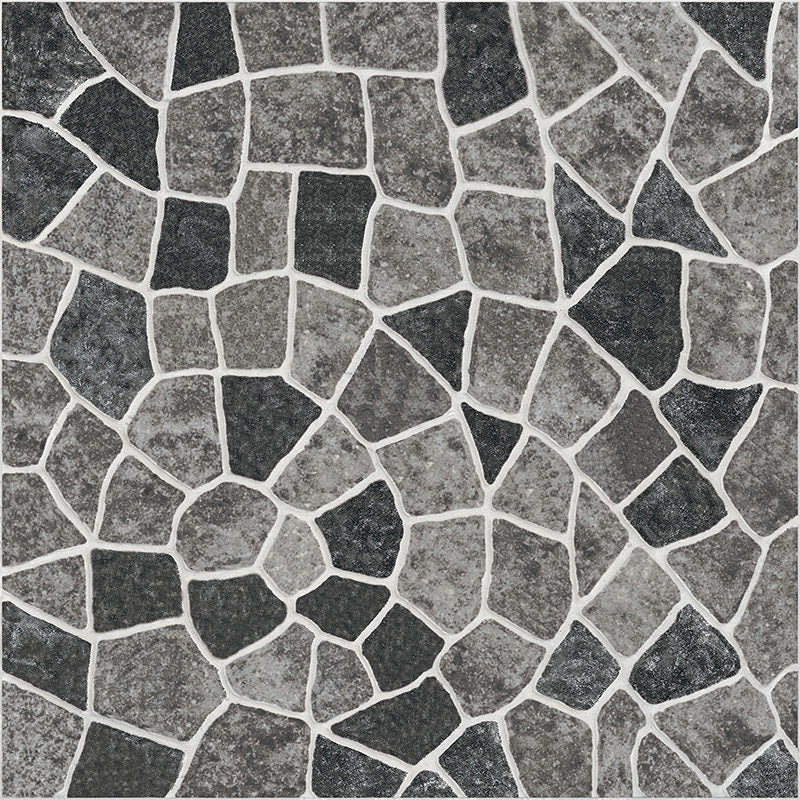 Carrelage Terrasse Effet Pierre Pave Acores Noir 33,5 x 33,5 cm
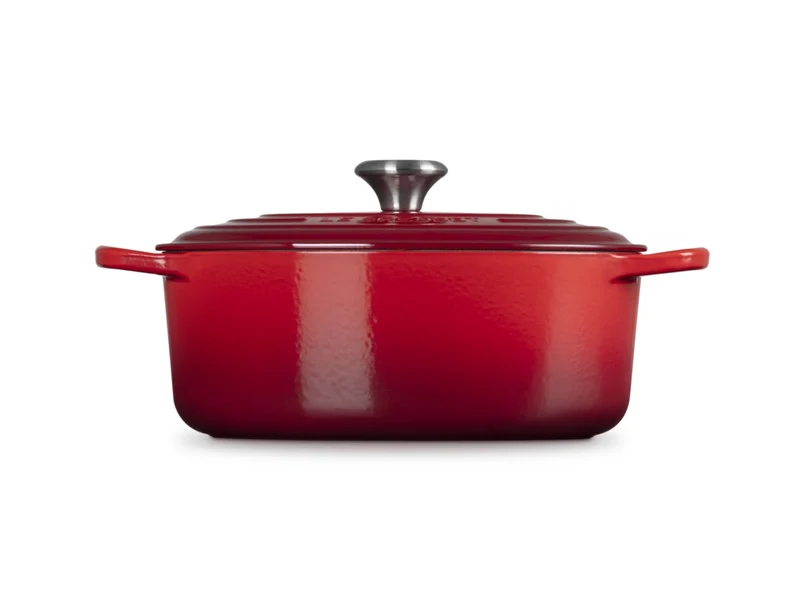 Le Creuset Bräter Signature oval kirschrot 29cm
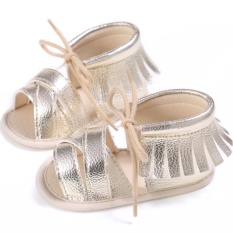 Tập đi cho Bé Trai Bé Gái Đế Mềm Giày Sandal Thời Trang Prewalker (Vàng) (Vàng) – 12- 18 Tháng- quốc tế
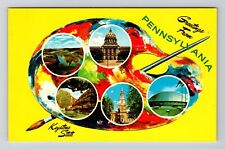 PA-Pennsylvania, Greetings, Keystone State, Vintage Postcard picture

**TASK STATEMENT:** The whole listing should be restated word for word, with no pictures.

**WORKED SOLUTION:**
 Carrelage Terrasse Effet Pierre Pave Acores Noir 33,5 x 33,5 cm
 Le Creuset Bräter Signature oval kirschrot 29cm
 Tập đi cho Bé Trai Bé Gái Đế Mềm Giày Sandal Thời Trang Prewalker (Vàng) (Vàng) – 12- 18 Tháng- quốc tế
 PA-Pennsylvania, Greetings, Keystone State, Vintage Postcard picture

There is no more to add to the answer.